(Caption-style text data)
***

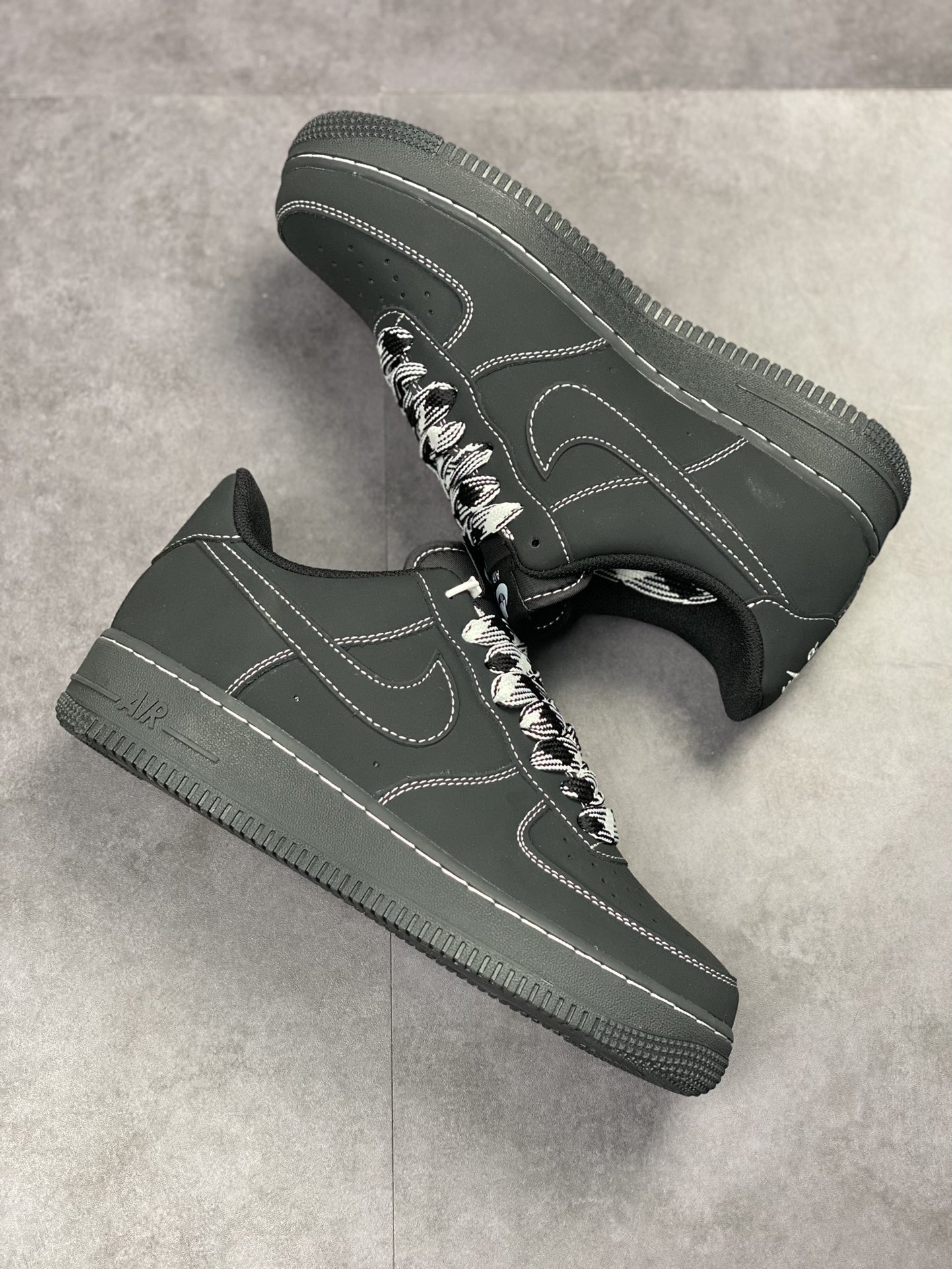 250 Nike Air Force 1 Low 07 黑武士白缝线 HW2636-079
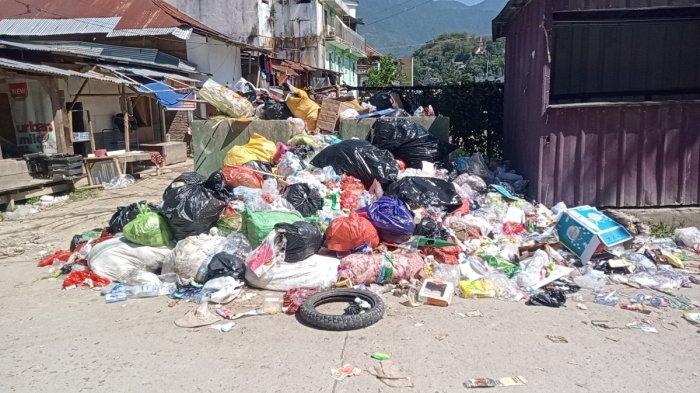 Penampakan tumpukan sampah di Jalan Emmy Saelan, Kelurahan Mamasa, Kabupaten Mamasa, Senin (7/10/2024). 
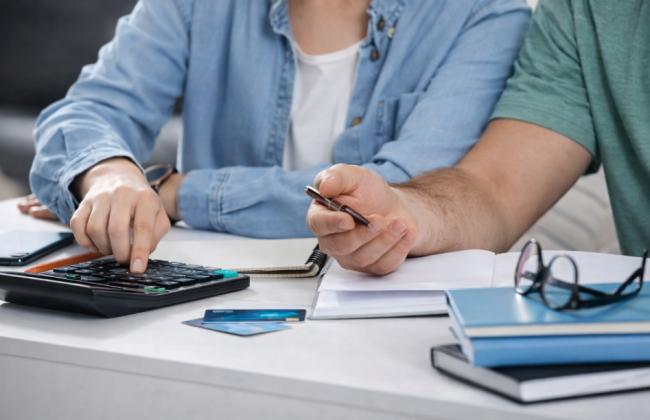 Иностранная компания в собственности мужа: возникают ли налоговые обязанности у жены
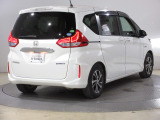 ボディクリーニング後、愛車をピカピカの状態へ保護するコーティング「ブライトパック」がおススメです!水垢がつきにくく、手入れがしやすくなりますよ!いつも愛車をきれいにしておきたい方におススメです。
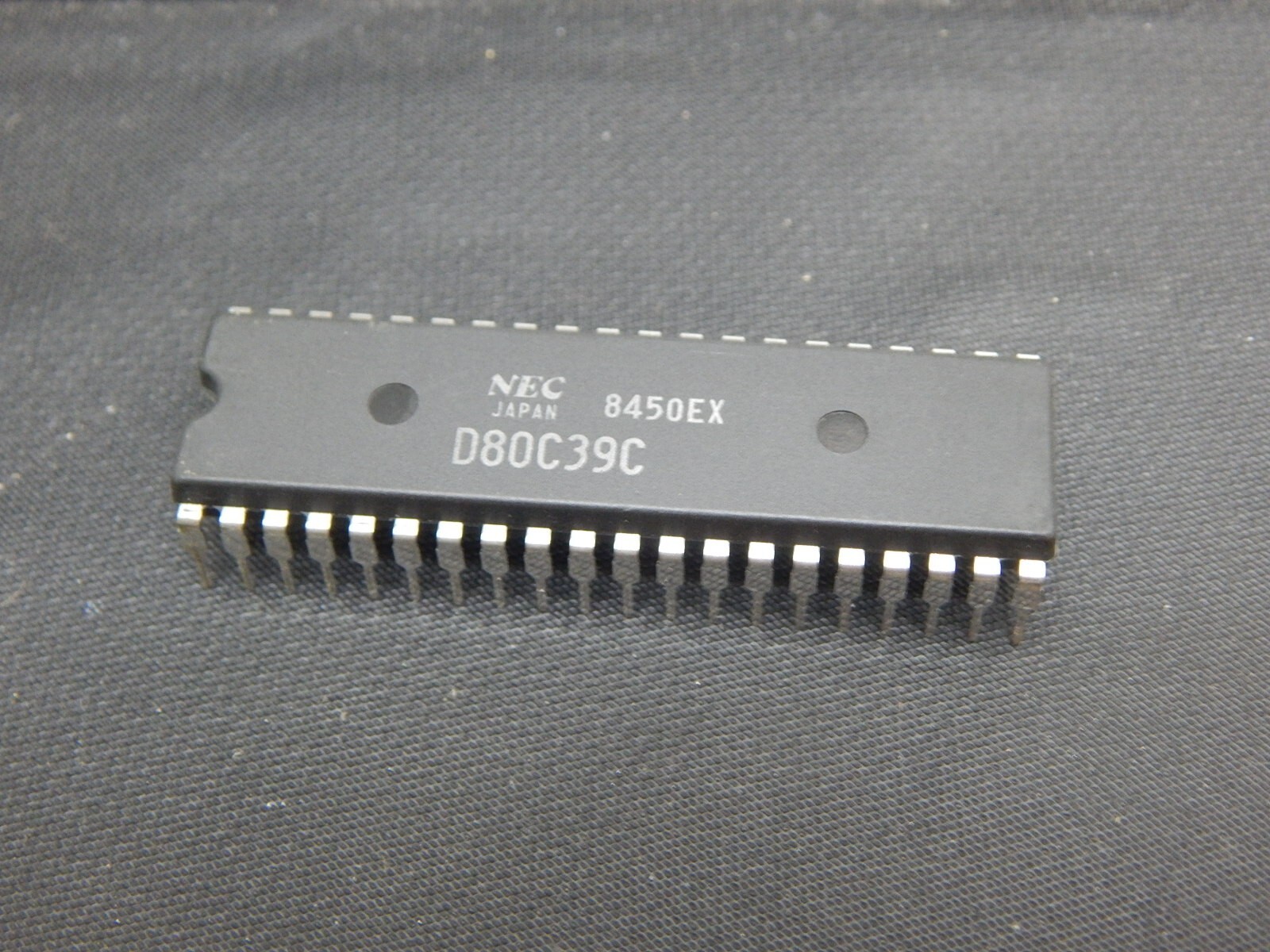 NEC D80C39C Microcomputer 8-Bit Single-Chip CMOS DIP-40 UPD80C39C -FAST SHIPPING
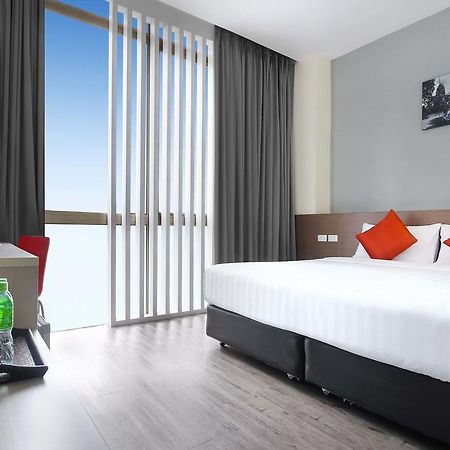 D Varee Xpress Makkasan Hotel Banguecoque Exterior foto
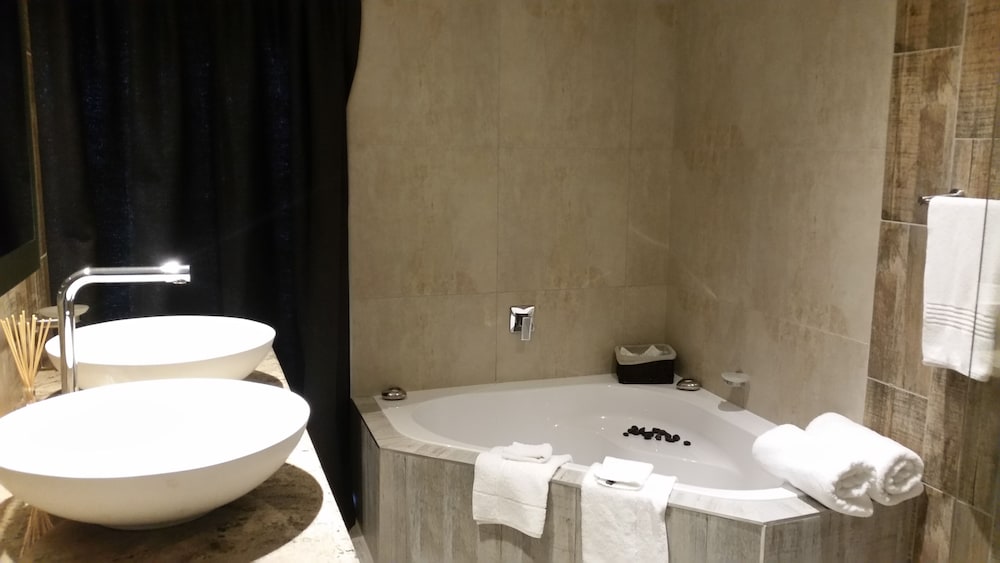Luxury Room - Photo 5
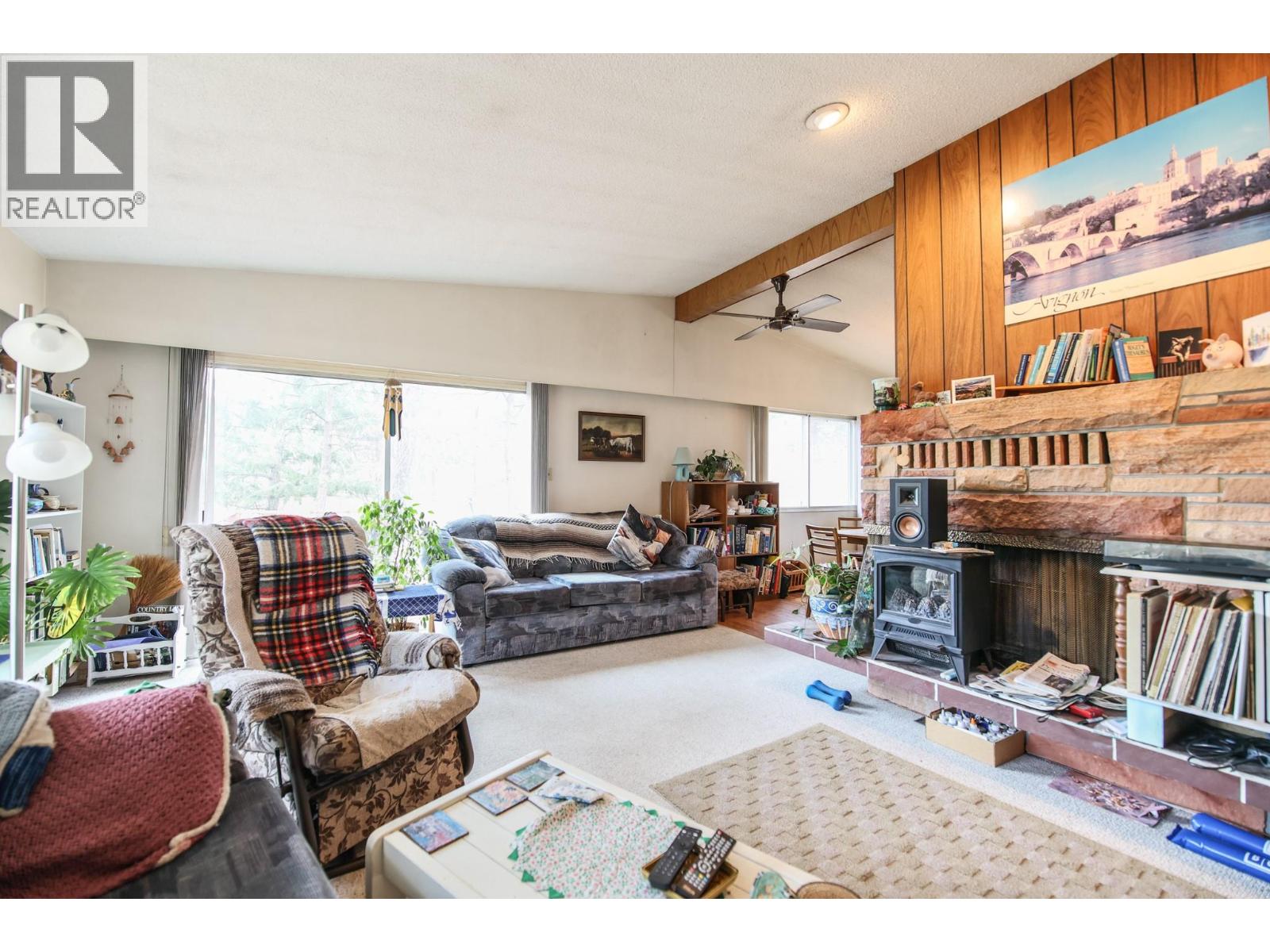 698 Green Lake Road, Oliver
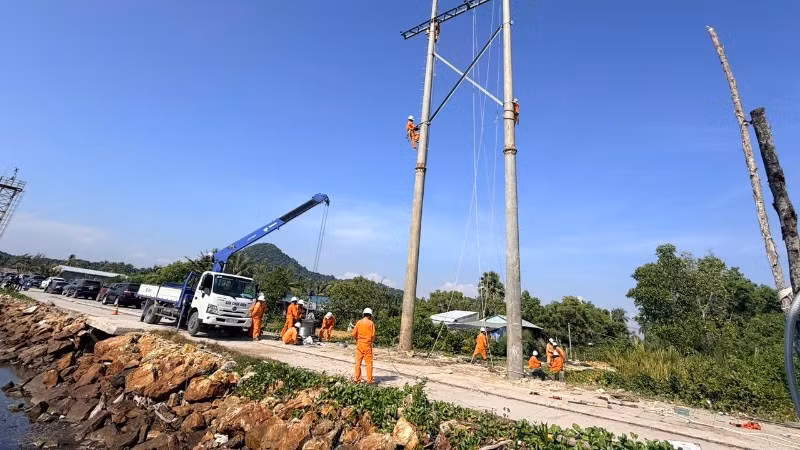 Ngành điện gấp rút triển khai xây dựng tạm đoạn tuyến trên không với khoảng năm trụ (tính từ trụ đấu nối cáp ngầm tiếp bờ hiện hữu) đến vị trí điểm sự cố.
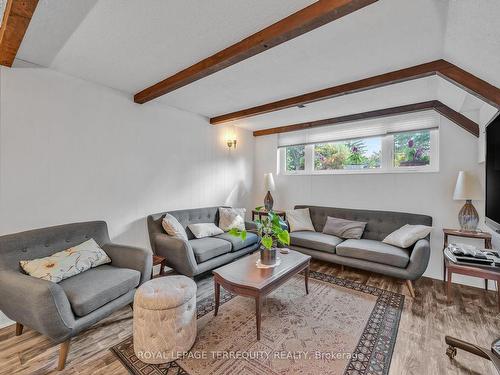 130 Verobeach Blvd, Toronto, ON - Indoor Photo Showing Living Room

***

### What is being asked
Could you write out the records again exactly, without any of their pictures?

### Exercise solution
 250 Nike Air Force 1 Low 07 黑武士白缝线 HW2636-079
 Penampakan tumpukan sampah di Jalan Emmy Saelan, Kelurahan Mamasa, Kabupaten Mamasa, Senin (7/10/2024). 
 Иностранная компания в собственности мужа: возникают ли налоговые обязанности у жены
 ボディクリーニング後、愛車をピカピカの状態へ保護するコーティング「ブライトパック」がおススメです!水垢がつきにくく、手入れがしやすくなりますよ!いつも愛車をきれいにしておきたい方におススメです。
 NEC D80C39C Microcomputer 8-Bit Single-Chip CMOS DIP-40 UPD80C39C -FAST SHIPPING
 D Varee Xpress Makkasan Hotel Banguecoque Exterior foto
Luxury Room - Photo 5
 698 Green Lake Road, Oliver
 Ngành điện gấp rút triển khai xây dựng tạm đoạn tuyến trên không với khoảng năm trụ (tính từ trụ đấu nối cáp ngầm tiếp bờ hiện hữu) đến vị trí điểm sự cố.
 130 Verobeach Blvd, Toronto, ON - Indoor Photo Showing Living Room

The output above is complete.